_Given information_
== Segment start ==

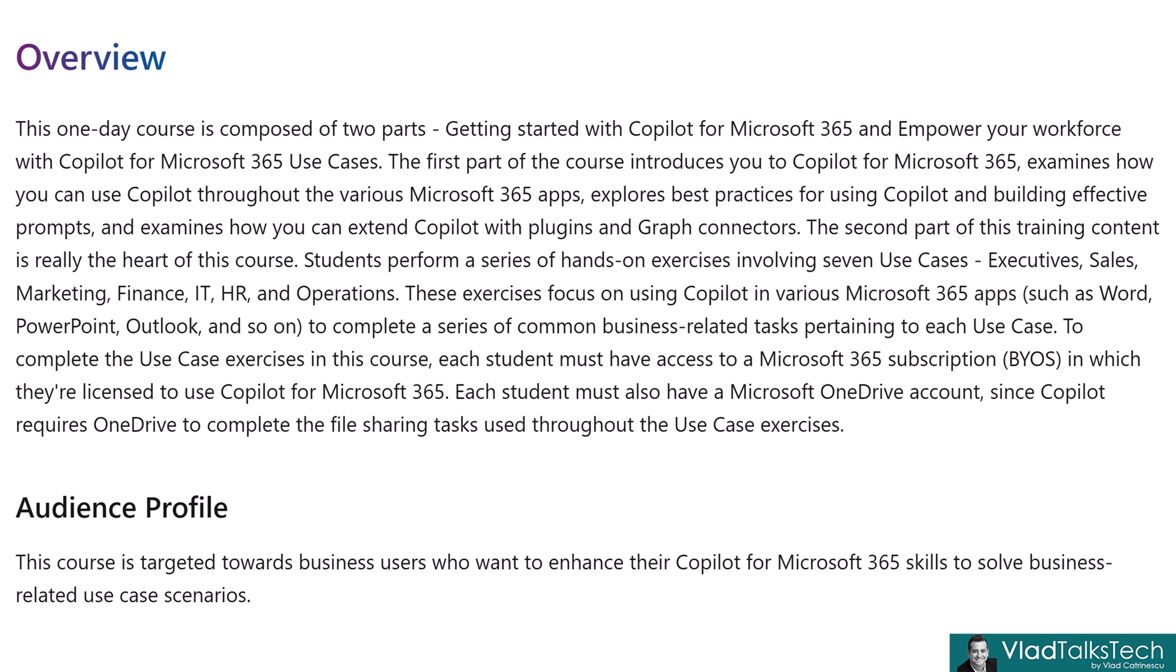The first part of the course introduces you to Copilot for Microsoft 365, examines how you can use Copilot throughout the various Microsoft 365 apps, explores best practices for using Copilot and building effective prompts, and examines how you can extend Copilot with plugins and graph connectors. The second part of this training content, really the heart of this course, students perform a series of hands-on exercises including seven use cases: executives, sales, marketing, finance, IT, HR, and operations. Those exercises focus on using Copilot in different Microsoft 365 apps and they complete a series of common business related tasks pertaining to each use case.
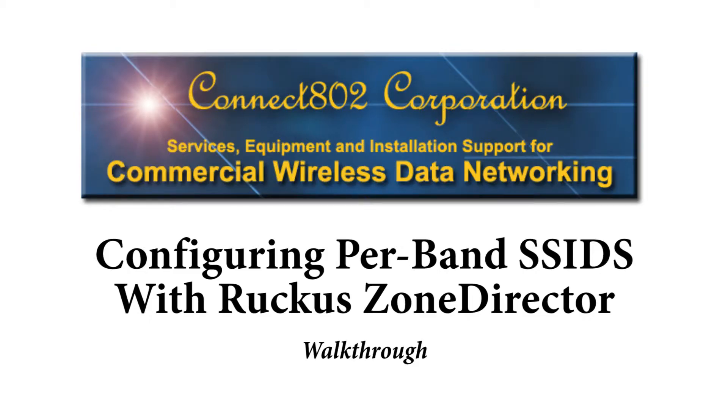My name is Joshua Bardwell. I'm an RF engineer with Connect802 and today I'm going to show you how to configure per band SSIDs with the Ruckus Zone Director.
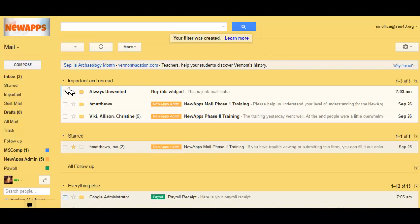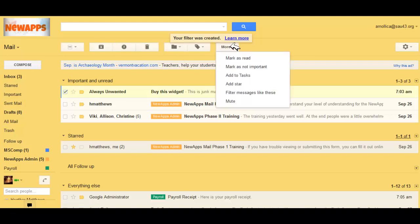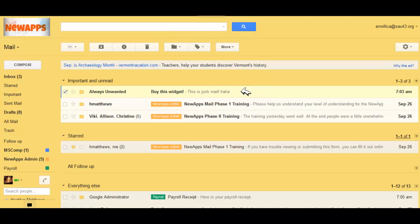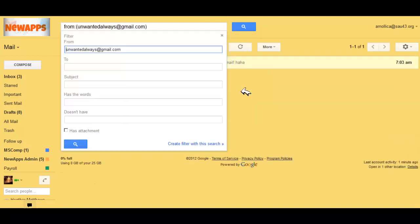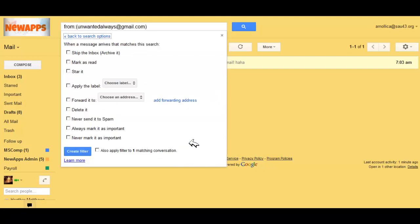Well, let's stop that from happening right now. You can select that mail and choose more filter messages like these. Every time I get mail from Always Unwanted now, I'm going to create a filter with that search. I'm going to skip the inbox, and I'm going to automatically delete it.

== Segment end ==

_Exercise requirements_
Reproduce the lines above exactly, image-free.

_Answer below_
The first part of the course introduces you to Copilot for Microsoft 365, examines how you can use Copilot throughout the various Microsoft 365 apps, explores best practices for using Copilot and building effective prompts, and examines how you can extend Copilot with plugins and graph connectors. The second part of this training content, really the heart of this course, students perform a series of hands-on exercises including seven use cases: executives, sales, marketing, finance, IT, HR, and operations. Those exercises focus on using Copilot in different Microsoft 365 apps and they complete a series of common business related tasks pertaining to each use case.
My name is Joshua Bardwell. I'm an RF engineer with Connect802 and today I'm going to show you how to configure per band SSIDs with the Ruckus Zone Director.
Well, let's stop that from happening right now. You can select that mail and choose more filter messages like these. Every time I get mail from Always Unwanted now, I'm going to create a filter with that search. I'm going to skip the inbox, and I'm going to automatically delete it.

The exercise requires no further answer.